If you do plan to buy time between any potential period of sustained unemployment (through redundancy, injury, illness, etc… – and you don’t have extended employer sick pay to rely on) it is of course a good idea to have some additional savings to fall back on so that you’re able to compensate for the passage of time between the cessation of your role and the first ASU payment coming to bear.
As an extra contingency plan – and if unsure as to what you are entitled to from a current employer perspective – it makes retrospective sense to request what’s referred to as a ‘Back to Day 1’ accident, sickness and redundancy policy. The proviso here is that you’re out of work for a minimum of 31 consecutive days, in which case any subsequent claim/payment will be back-dated to effectively commence from the very first day that the policyholder was classed as unemployed/unable to fulfil the remits of their existing role on account of ill health/injury.
As a final point in this section, it’s prudent to suggest that ASU is probably NOT the best insurance policy to take out in the event of the policyholder not being able to resume their normal employment duties for an indefinite period, as accident, sickness and unemployment cover is more geared up towards those people affected by unforeseen events of the more short-term in nature; and therefore might not give you the same peace of mind in the longer run. Not when compared to the more favourable critical illness insurance or income protection insurance policies.
How much does Accident, Sickness and Unemployment cover cost?
This can only really be determined by the type of ASU cover you agree with your accident, sickness and unemployment provider at the point of signing up and policy purchase.

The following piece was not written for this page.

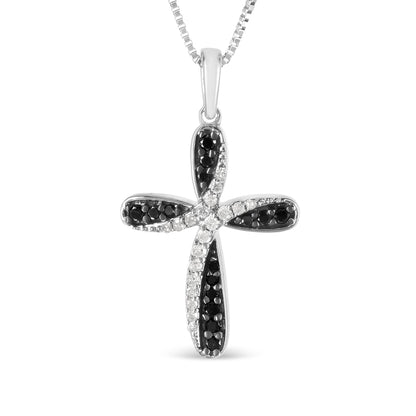 Front-facing white metal cross necklace pendant with alternating black and white round gemstones set in prongs, shown on a white background.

Outlining the three main options you have, these are namely; accident, sickness and unemployment cover, accident and sickness cover and simple, unemployment cover. This triumvirate of individual plans cater for the individual based on personal needs and finances with wriggle-room enough to be tailored to specific requirements.
The first option will continue to pay-out on a successful claim for a period of between 12 or 18 months from inception as does the third option, while the second package (accident and sickness cover alone) gives the policyholder a selection from 12, 18 or 24 months.
Excepting the type of cover, premiums are calculated as a percentage of your gross income (usually between 50% – 65%), which is then capped by a maximum monthly limit (more normally up to £1,000 and £2,000 per month). Looking at just how they are calculated and ASU insurance policy experts are quick to point out that these premiums are determined by a number of factors, including the policyholder’s age, the very repayments you’re seeking to protect, the term of the claim period, the deferment period and the fiscal amount of cover you need. What’s more, it’s commonplace for accident, sickness and unemployment insurance policy providers to also take into account your occupation (to help ascertain risk element) and whether or not you’re a smoker (which could bear an influence on the policyholder’s health and moreover they’re likelihood of being prone to certain serious illnesses).